FFAR2 signaling occurs by divergent G protein pathways.
GPR3 agonism potentiates insulin secretion in isolated islets.
GPR43 expression is reduced in monocytes upon siRNA-knockdown of XBP1 (show XBP1 ELISA Kits), while A549 cells overexpressing XBP1 (show XBP1 ELISA Kits) displayed elevated GPR43 levels.
FFAR2 is a potential therapeutic target of T1 diabetes, representing a link between immune response and glucose homeostasis.
FFAR2 is expressed in pancreatic beta cells and mediates an inhibition of insulin (show INS ELISA Kits) secretion by coupling to Gi-type G proteins.

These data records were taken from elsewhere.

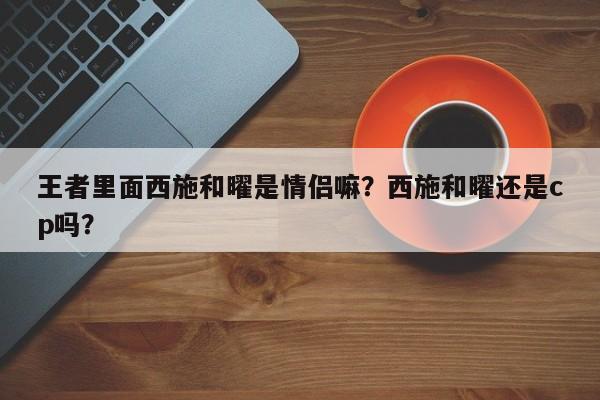 王者里面西施和曜是情侣嘛？西施和曜还是cp吗？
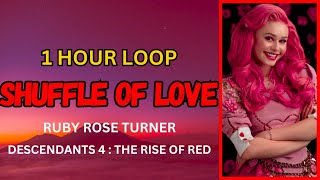 1 HOUR LOOP SHUFFLE OF LOVE – RUBY ROSE TURNERTHE RISE OF RED [upl. by Ajar]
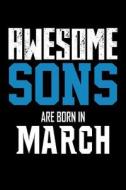 Awesome Sons Are Born in March: Son Birthday Gift Notebook Journal di Creative Juices Publishing edito da Createspace Independent Publishing Platform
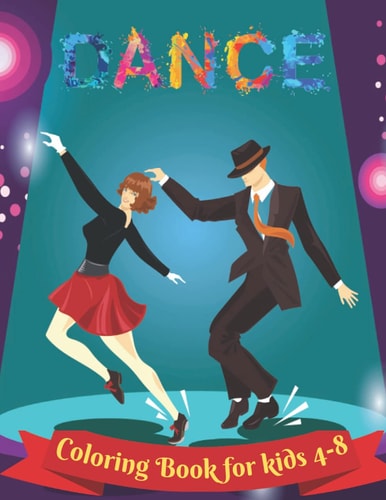 Dancing - Coloring Book for Kids 4-8 35 Cute and Unique Ballet Coloring Pages for Little Dancers ( Kids Ages 4-8)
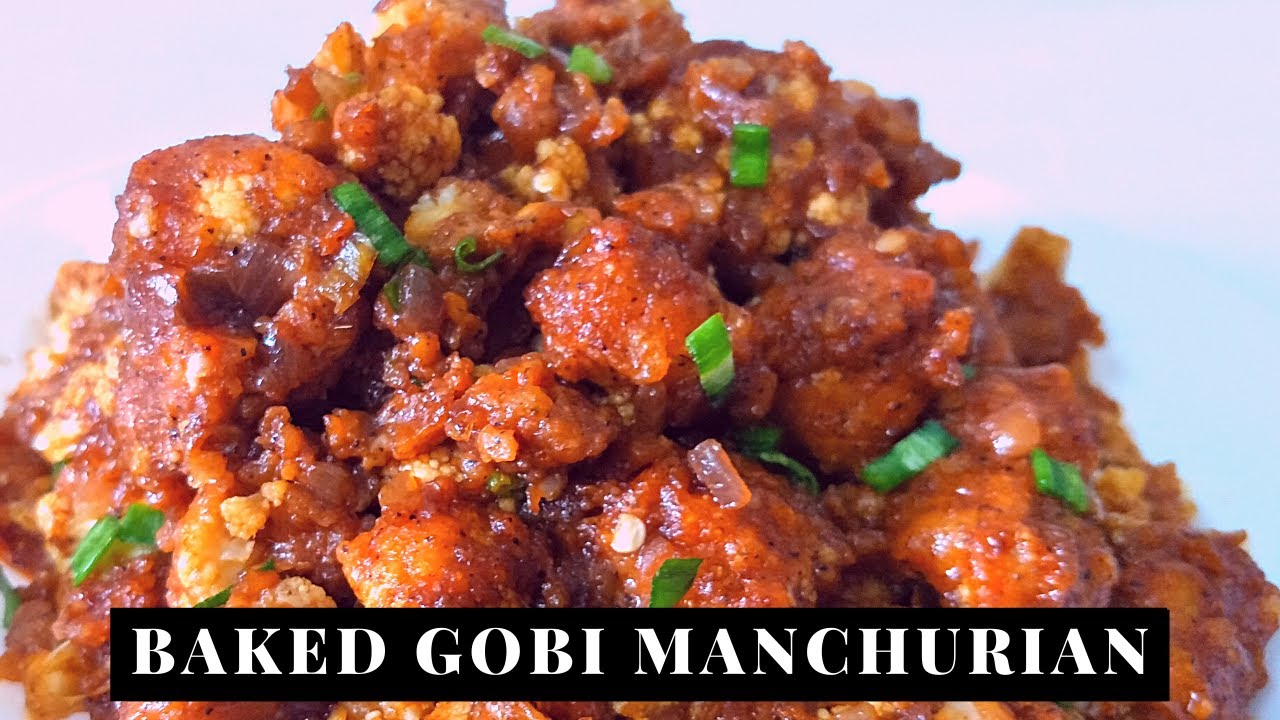 कंवेक्शन माइक्रोवेव में बनाये बिना तले गोबी मंचूरियन Baked Gobi Manchurian in Convection Microwave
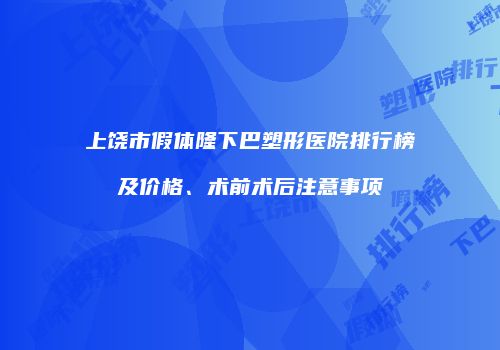 上饶市假体隆下巴塑形医院排行榜及价格、术前术后注意事项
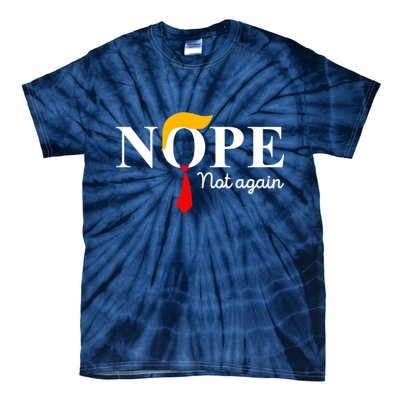 Nope Not Again Funny Trump Apparel Nope Not Again Trump Tie-Dye T-Shirt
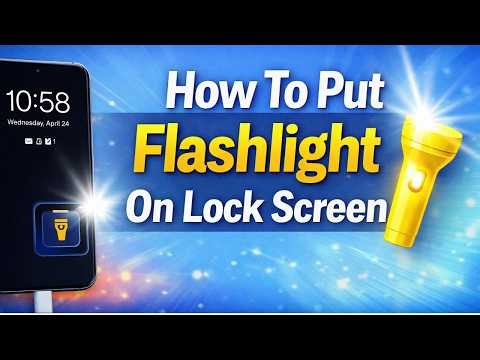 How To Put Flashlight Torch On Lock Screen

[review] In vivo and in vitro studies suggest that short-chain fatty acid receptors (SCFAs) stimulate gut (show GUSB ELISA Kits) hormone secretion; therefore, the SCFA-FFA signal is likely to be important for gut (show GUSB ELISA Kits) physiological functions.
GPR43 modulates NF-kappaB (show NFKB1 ELISA Kits) activity via beta-arrestin 2 (show ARRB2 ELISA Kits).
Propionate-stimulated GPR41 (show FFAR3 ELISA Kits) strongly coupled to ERK1/2 (show MAPK1/3 ELISA Kits) activation, while the coupling of linoleic acid-activated GPR40 (show FFAR1 ELISA Kits) and acetate-activated GPR43 was weaker.
Selective orthosteric free fatty acid receptor 2 (FFA2) agonists: identification of the structural and chemical requirements for selective activation of FFA2 versus FFA3.
Data (including data from studies in knockout mice) suggest Ffar2 expression in pancreatic beta-cells plays role in gestational glucose homeostasis; this mechanism involves gut microbiome (which contributes to plasma short-chain fatty acid levels).
High fat diet fed GPR43 KO mice develop glucose intolerance due to a defect in insulin (show INS ELISA Kits) secretion, reduced beta-cell mass and expression of differentiation genes. GPR3 (show GPR3 ELISA Kits) agonism potentiates insulin (show INS ELISA Kits) secretion.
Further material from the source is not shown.